Благодаря основательности разработки характеров, глубине анализа внутреннего мира человека в нем имплицитно содержатся широкие возможности для постижения личности творца в области такой интеллектуальной сферы, как наука, и в целом научного творчества, которое до сих пор остается во многом таинственной сферой деятельности человека.
Для молодых литератур народов России эта тема была новой. Первым опытом ее воплощения в бурятской романистике стала дилогия Ч. Цыдендамбаева о первом бурятском ученом с европейским образованием, второй том которой назывался «Түрэл нютагhаа холо» («Вдали от родных степей») и вышел в 1957 и 1959 гг., отдельной книгой в 1962 г.
На фоне историко-революционных романов с их антитезой дореволюционного прошлого и советского настоящего и во многом типовым набором персонажей действие в романе разворачивается в основном в университетской Казани первой половины XIX в.
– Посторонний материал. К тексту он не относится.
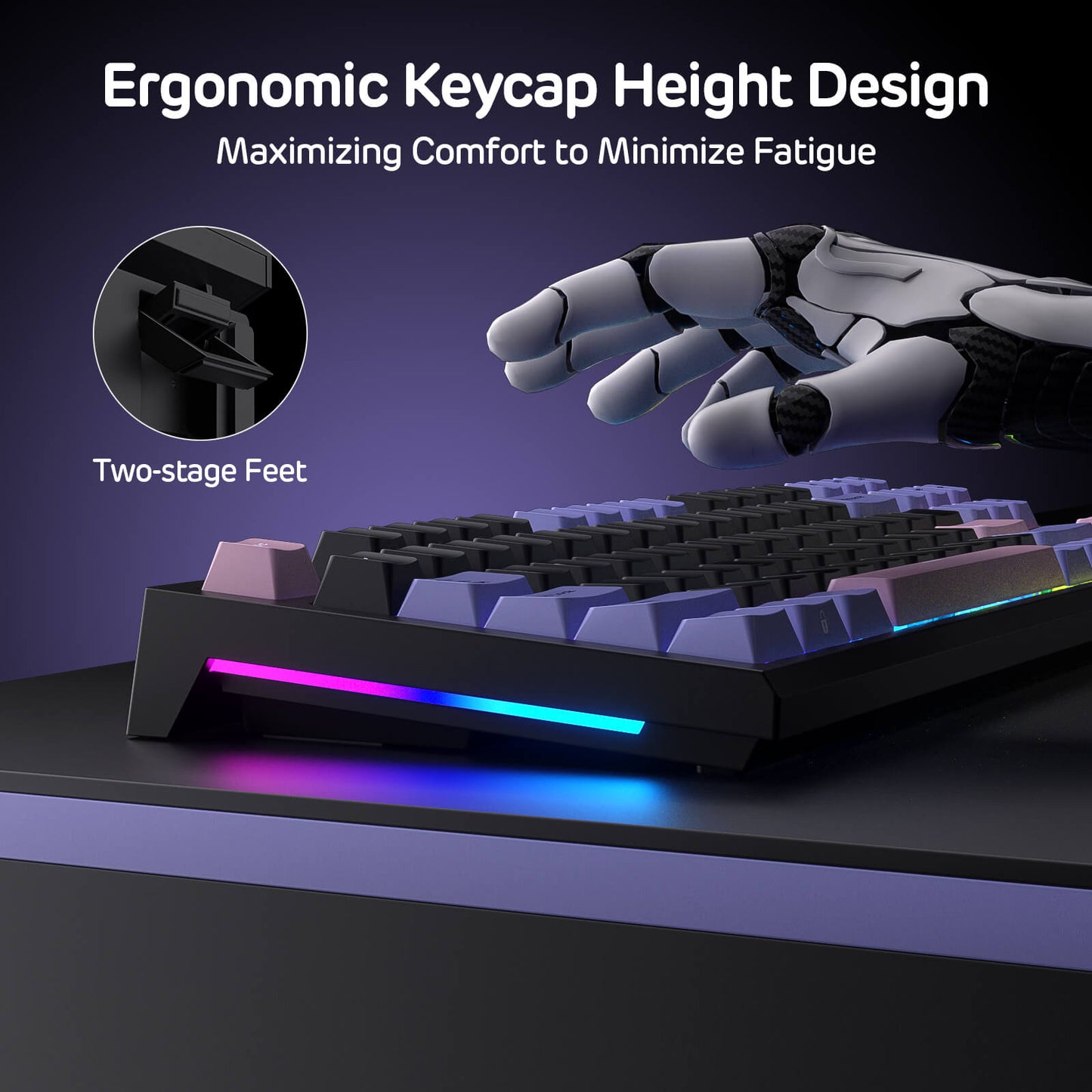 Ergonomic keyboard with highlighted keycap height design and hand wearing a glove interacting with it.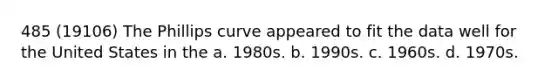 485 (19106) The Phillips curve appeared to fit the data well for the United States in the a. 1980s. b. 1990s. c. 1960s. d. 1970s.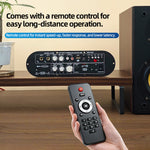 D1200 2.0-Channel Amplifier Board Bluetooth 5.0 50W+50W DC15-18V 5A Min AUX/FM/USB/TF/MIC Input 4-8 Ohm HiFi Stereo Subwoofer Support Karaoke Remote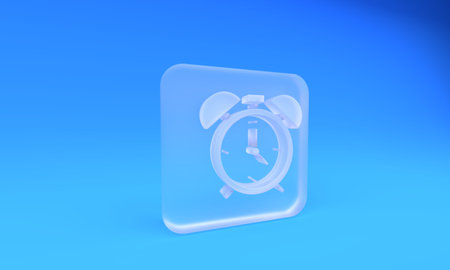 Frosted glass Alarm clock icon isolated on blue background. Wake up, get up concept. Time sign. Square frosted glass button. 3D render illustration.の写真素材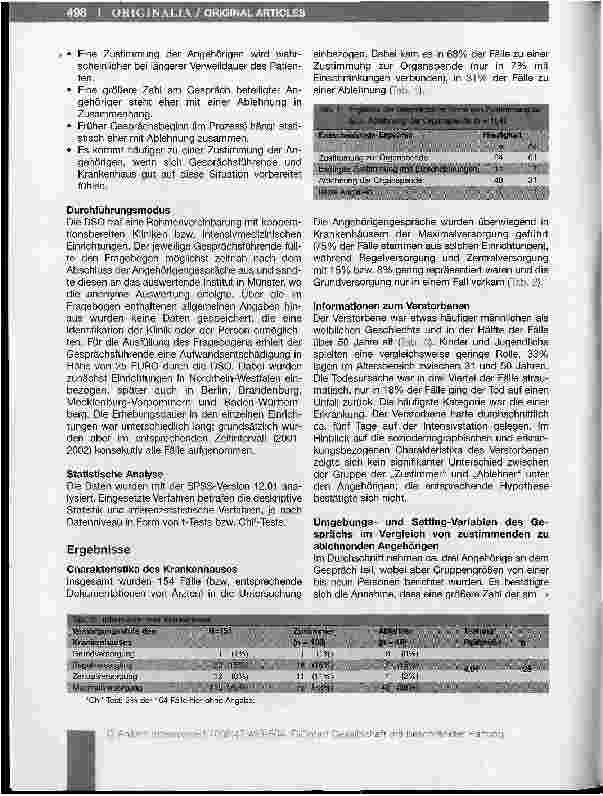 Vorschauseite 3: Mögliche Einflussfaktoren auf die postmortaie Organspende -Worin unterscheiden sich zustimmende von ablehnenden Angehörigen?*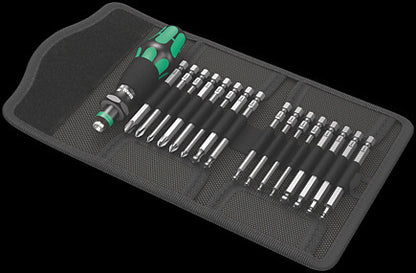 Wera Kraftform Kompakt 60 KK 17-Piece Screwdriver Bit Set with Rapidaptor Holder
Главным героем является студент выпускного курса Казанского университета Доржи Банзаров, работающий над диссертацией о шаманизме монголов. Часть персонажей – студенческая молодежь, представители научной интеллигенции, в том числе выдающиеся ученые Н. И. Лобачевский и О. М. Ковалевский.
Образ Лобачевского лаконичен, емок и многогранен. Суть характера великого математика раскрыта в ключевом эпизоде – беседе с Банзаровым. Речь идет о трудной судьбе теории ученого: «Да, он снискал себе уважение и почет как профессор, как успевающий администратор и как отзывчивый человек. Но его до сих пор не понимают и не хотят знать как ученого, который несет в науку новые начала» [14, с. 97]. Тем не менее Лобачевский неустанно пестует новые поколения ученых, способных самостоятельно мыслить, трезво смотреть на жизнь, жаждать знаний, трудолюбивых, терпеливых, взыскательных, справедливых, внимательных, имеющих «истинные понятия о чести, любовь к отечеству…» [14, с. 90]. Показан интерес ректора и к конкретным студентам, особенно к выпускникам, работы которых он читает не формально, а с глубоким человеческим интересом, стремясь «постичь смелость суждений, глубину мысли» [14, с. 86–87].
В диалоге с Доржи проявляются демократизм, открытость, заботливость Лобачевского, который помог юноше выбрать перспективную тему для диссертации. Акцентируется человечность великого математика, выделена такая деталь портрета, как ласковый и требовательный взгляд, от которого у Доржи «было такое ощущение, будто Николай Иванович заглянул внутрь, сразу все там увидел и понял» [14, с. 91].
Лобачевский, отмечая одаренность Банзарова, считает, что с его талантами «надо всего себя, без остатка посвятить науке» [14, с. 328]. Для Банзарова ценен интерес наставника к его далекой родине, народу и языку. Именно Лобачевский отправил в Забайкалье Ковалевского, благодаря чему в «Казанских ведомостях» появились статьи «Поездка из Иркутска в Ургу», «О забайкальских бурятах» и другие.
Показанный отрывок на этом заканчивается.